When we’re training, we’re essentially looking for positions that are valuable for our movement in the world. Regardless of your training goals, training is about challenging position in order to create adaptation.
In the long run, we’ll see changes in physiology (strength, speed, aesthetics,) but these changes are only important in the context of maintaining positions of competency.
Our hypothesis is that those who can maintain the most robust positions at the highest levels of demand are the most capable.
As we see it, robust positioning is an expression of:
- Range of motion
The old model of training is to keep training and training and training until you break, but we want to leave that behind in order to maintain and improve range of motion and skill at higher and higher levels.
Here at The Ready State we focus a lot on this idea of challenging position. The 9 methods for challenging position that we’ve identified are:
- Cardio/Respiratory Demand
- Metabolic Demand
- Through Path
- Open chain/Closed Chain
- Open Torque/Closed Torque
We all know about load, and this is often the first and the only form of challenging position someone is aware of. Load is how much weight or resistance you are facing while moving through a position. Just keep adding weight as you improve without compromising good position. This is why machines kinda suck. They force you into a static position and allow you to increase load without a cohesive creation of good position. With free weights, as you increase the load, let’s say your elbows start to flare out, and now you know this is where your limit point is.
One thing we need to remember is that practice does not make perfect, practice makes permanent.
The next way we love to challenge positions is with cardiovascular demand. As your breathing demand increases, your positions come under challenge. For example, try running around the building and then see how well you can do your air squat. You can improve your position by challenging yourself with cardiovascular demands. This is why people fall apart when breathing hard, but ultimately breathing shouldn’t reduce force.
Next, we have metabolic demand. You’re doing some work, and now instead of doing 5 reps, you’re doing 10 reps or 12 reps. This is why we see reps above ten, to create a lactic acid demand. As reps increase position gets challenged.
Speed load is a core concept of the original CrossFit mindset: High-intensity movements performed at High Speeds. You may have a great squat but what happens when you do it fast?

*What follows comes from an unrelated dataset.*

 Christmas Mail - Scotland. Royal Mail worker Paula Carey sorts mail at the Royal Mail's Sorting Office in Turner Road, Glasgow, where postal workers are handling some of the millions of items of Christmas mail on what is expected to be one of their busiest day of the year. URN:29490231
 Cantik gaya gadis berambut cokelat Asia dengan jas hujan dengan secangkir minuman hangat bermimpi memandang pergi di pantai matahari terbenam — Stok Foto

We refer to “through path” as starting position vs. ending position, but this is essentially the path between these points. How is the position being maintained when you are going from hanging from a bar to the top of a pull-up.

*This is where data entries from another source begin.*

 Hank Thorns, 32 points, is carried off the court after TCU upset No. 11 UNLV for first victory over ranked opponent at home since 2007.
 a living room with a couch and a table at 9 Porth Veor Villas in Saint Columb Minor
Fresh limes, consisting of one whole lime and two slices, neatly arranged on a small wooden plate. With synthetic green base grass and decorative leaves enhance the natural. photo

We may have a great position at the bottom and top, but we also want a good position throughout the path between the two.
Open Chain/Closed Chain
Open chain vs. closed chain refers to whether your hands or feet are fixed and your body is moving or if your body is fixed and your hands are moving. Whether you are doing a pull up with your hands fixed on a bar or you’re overhead pressing a barbell where your body is fixed. Sometimes we see position fall apart depending on whether the hands are fixed or moving, but we should see universal patterning regardless.
Cleans and snatches can challenge this by switching us between open chain and close chain. As you dip under a bar, then fix your arms, you switch from the hands moving to the body moving as you stand back up.
Open Torque/Closed Torque
Open torque vs. closed torque has to do with whether you’re using dumbbells or rings vs. using barbells or have your hands on the floor. Often we see when we take people away from doing pushups in a closed torque environment, to using rings, issues like shoulder pain will resolve themselves.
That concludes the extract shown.